How various interesting operations are implemented
Write Page
Obtain page lock (U or W mode) if required.
Consult log map. If a committed update (necessarily by another transaction) to this page exists, then read data from log, write the new data through FilePageMgr, and erase the log entry.
Write log record "transaction t wrote data d on page p of file f". Not necessary to force log.
Insert entry containing log ID of this log record into the log map.
Read Page
Obtain page lock (R mode) if required.
Consult log map. If a committed update (necessarily by another transaction) to this page exists, then read data from log (and as side effect, perform the write through FilePageMgr and erase the log entry.) If an update from this transaction exists, then read data from log. Otherwise read data from file.
Commit (multiple machine, two-phase case)
Phase one.
Convert all of t’s U mode locks to W mode locks.
Write log record "transaction t is ready". Force log.
Phase two.
Write log record "transaction t is committed". Force log. Mark the volatile representation of t "committed".
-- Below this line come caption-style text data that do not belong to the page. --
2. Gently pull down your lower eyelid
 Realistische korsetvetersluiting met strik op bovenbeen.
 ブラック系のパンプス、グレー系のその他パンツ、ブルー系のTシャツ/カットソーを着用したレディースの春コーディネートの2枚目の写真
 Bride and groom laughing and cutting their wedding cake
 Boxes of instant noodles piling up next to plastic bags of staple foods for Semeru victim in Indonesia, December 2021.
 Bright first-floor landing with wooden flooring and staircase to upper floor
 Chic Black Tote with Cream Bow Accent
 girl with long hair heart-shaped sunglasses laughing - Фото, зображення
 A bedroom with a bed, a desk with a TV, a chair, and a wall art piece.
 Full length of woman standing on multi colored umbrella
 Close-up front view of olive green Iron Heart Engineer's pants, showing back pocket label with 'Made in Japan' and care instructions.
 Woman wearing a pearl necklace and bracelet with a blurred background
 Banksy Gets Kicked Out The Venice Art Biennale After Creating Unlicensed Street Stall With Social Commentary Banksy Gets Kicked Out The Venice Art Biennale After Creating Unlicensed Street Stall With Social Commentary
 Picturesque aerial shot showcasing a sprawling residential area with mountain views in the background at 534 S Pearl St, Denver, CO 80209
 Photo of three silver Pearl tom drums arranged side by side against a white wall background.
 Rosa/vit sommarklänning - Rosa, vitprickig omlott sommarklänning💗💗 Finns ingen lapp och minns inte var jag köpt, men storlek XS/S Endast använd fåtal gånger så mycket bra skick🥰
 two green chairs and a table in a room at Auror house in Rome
Release or downgrade all of t’s locks. (Commit call returns now, but processing continues in a background process.)
Enumerate t’s log map entries. For each entry, read data from log, write data to file.
System checkpoint
Abort any excessively long transactions.
Flush buffers of any pages that represent committed writes performed by excessively old transactions.
Write a log record that identifies (1) all active transactions, (2) the oldest log record that must be consulted to recover from the current state. Force log.
Write the restart record, making it point to the checkpoint just written. Note that restart record is duplicated to tolerate failures during write. After a crash, recovery begins by reading the restart record and finding the most recent checkpoint.